• [Information supplied]:
[Start of section]

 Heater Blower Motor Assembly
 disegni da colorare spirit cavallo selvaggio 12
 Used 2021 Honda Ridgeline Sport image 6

[End of section]

• [What is expected]: Begin with the line holding "disegni da colorare" and end with the last line of the material. Copy all of them exactly.

• [Answer box]:
 disegni da colorare spirit cavallo selvaggio 12
 Used 2021 Honda Ridgeline Sport image 6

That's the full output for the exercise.